YOUR TASK:
Please give the number of lines in the records below that include "Cotton", with no other output.

RECORDS SUPPLIED:
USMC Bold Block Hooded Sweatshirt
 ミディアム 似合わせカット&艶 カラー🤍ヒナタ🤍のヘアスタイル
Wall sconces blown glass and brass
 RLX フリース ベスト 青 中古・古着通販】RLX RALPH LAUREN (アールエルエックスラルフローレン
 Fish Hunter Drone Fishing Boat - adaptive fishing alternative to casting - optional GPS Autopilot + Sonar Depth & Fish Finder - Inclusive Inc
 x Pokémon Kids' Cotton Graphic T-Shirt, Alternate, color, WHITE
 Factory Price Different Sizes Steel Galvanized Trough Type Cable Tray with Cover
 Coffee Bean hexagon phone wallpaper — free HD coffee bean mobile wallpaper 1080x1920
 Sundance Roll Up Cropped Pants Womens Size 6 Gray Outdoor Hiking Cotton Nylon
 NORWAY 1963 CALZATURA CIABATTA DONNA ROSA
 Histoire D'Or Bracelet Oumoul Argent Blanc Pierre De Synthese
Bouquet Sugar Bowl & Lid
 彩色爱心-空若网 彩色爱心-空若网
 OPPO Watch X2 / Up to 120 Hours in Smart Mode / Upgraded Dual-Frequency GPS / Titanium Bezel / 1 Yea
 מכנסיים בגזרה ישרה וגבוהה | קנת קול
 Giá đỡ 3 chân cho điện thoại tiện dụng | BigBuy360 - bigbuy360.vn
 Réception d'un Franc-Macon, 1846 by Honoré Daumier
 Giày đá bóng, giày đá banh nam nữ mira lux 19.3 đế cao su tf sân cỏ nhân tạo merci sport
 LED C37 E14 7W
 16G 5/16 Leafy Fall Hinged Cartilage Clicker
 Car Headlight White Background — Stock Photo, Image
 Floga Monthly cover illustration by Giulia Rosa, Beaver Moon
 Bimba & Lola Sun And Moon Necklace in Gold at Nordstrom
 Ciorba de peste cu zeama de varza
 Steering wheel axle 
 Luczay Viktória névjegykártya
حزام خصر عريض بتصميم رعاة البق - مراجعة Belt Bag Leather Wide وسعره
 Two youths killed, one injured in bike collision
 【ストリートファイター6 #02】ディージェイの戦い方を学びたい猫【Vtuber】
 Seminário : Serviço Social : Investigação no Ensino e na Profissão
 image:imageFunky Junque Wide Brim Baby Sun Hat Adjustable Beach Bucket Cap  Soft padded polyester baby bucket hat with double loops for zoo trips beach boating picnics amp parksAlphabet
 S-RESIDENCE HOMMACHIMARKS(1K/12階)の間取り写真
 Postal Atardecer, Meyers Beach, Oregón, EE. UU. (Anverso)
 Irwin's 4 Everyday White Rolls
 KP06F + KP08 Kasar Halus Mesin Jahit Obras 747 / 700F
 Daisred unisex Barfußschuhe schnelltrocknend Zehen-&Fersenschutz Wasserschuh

WRITTEN SOLUTION:
2